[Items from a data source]
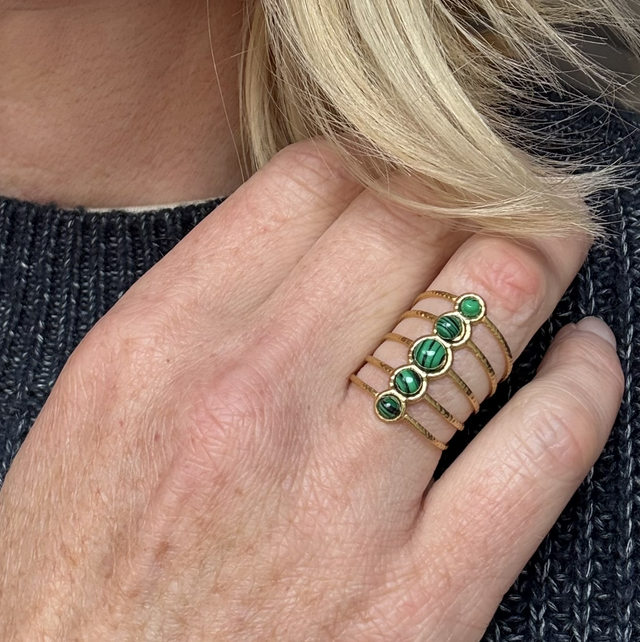 Natural Stone Layered Stainless Steel Ring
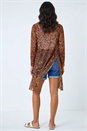Tan Metallic Animal Print Plisse Kimono, Image 3 of 5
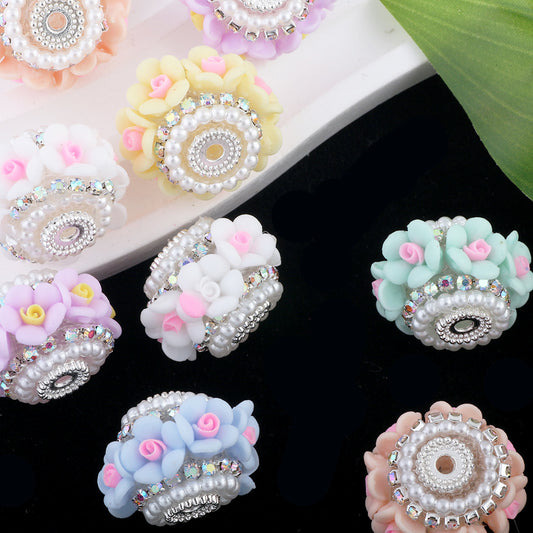 Flower Beads Flower Flat Beads Round Barrel Drill Balls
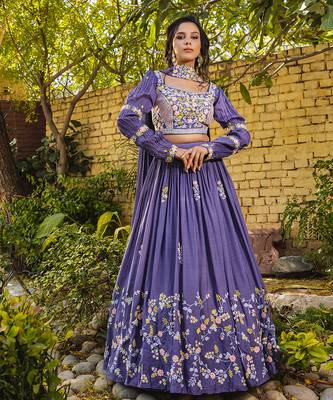 Lavender Crepe Lehenga Set 2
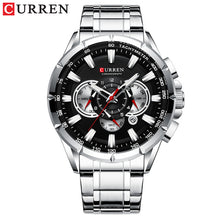 Load image into Gallery viewer, CURREN Luxury Brand Men&#39;s Watch Blue Quartz Wristwatch Sports Chronograph Clock Male Stainless Steel Band Fashion Business Watch
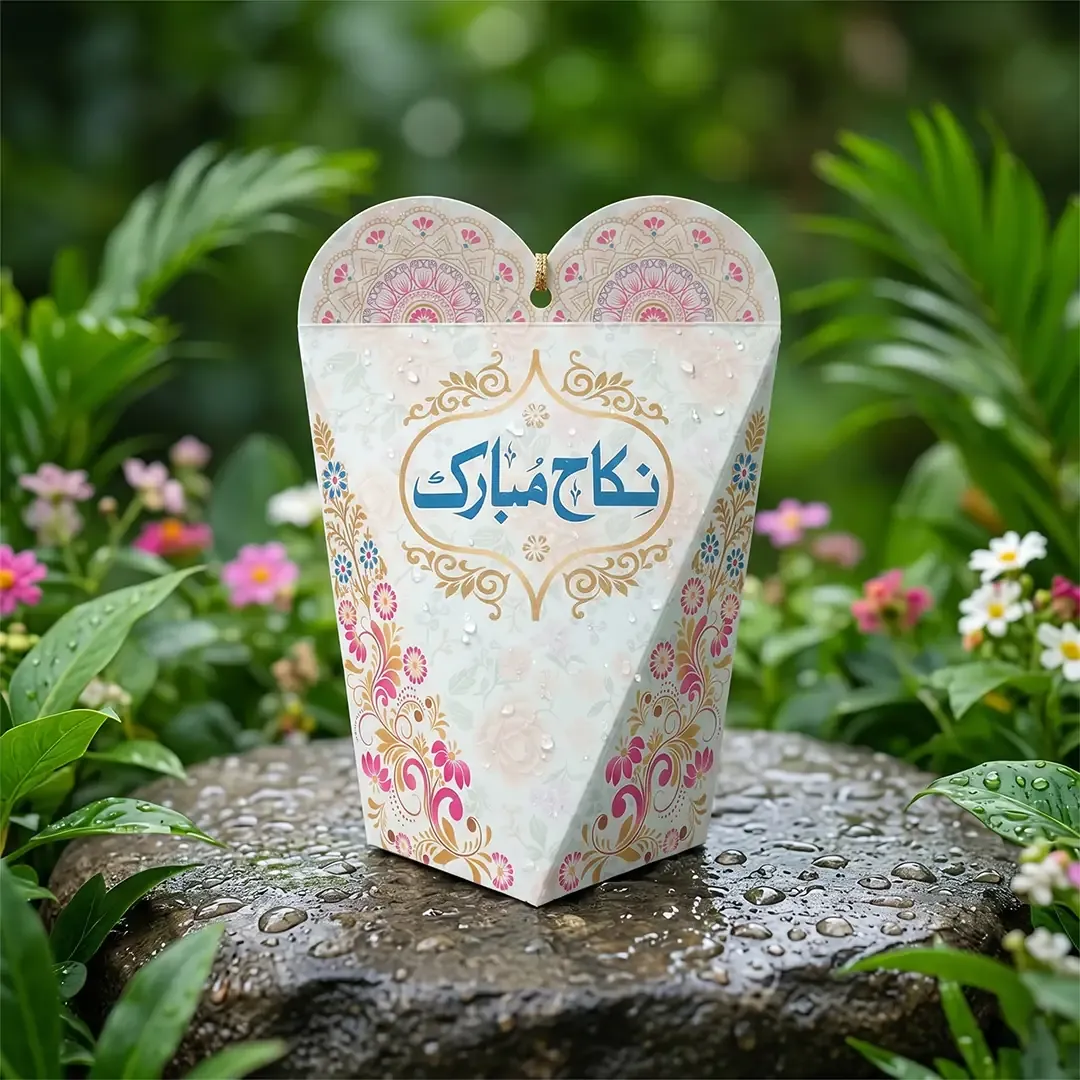 Heart Shape Nikah Mubarak Gift Box 2 Premium Nikah Mubarak Gift Box Printing in Delhi by Printel Deziner featuring heart-shape wedding favor boxes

REQUIREMENT:
Every record must be returned exactly. Leave its pictures out.

SOLVED EXERCISE:
 Natural Stone Layered Stainless Steel Ring
Tan Metallic Animal Print Plisse Kimono, Image 3 of 5
 Flower Beads Flower Flat Beads Round Barrel Drill Balls
 Lavender Crepe Lehenga Set 2
 Load image into Gallery viewer, CURREN Luxury Brand Men&#39;s Watch Blue Quartz Wristwatch Sports Chronograph Clock Male Stainless Steel Band Fashion Business Watch
 Heart Shape Nikah Mubarak Gift Box 2 Premium Nikah Mubarak Gift Box Printing in Delhi by Printel Deziner featuring heart-shape wedding favor boxes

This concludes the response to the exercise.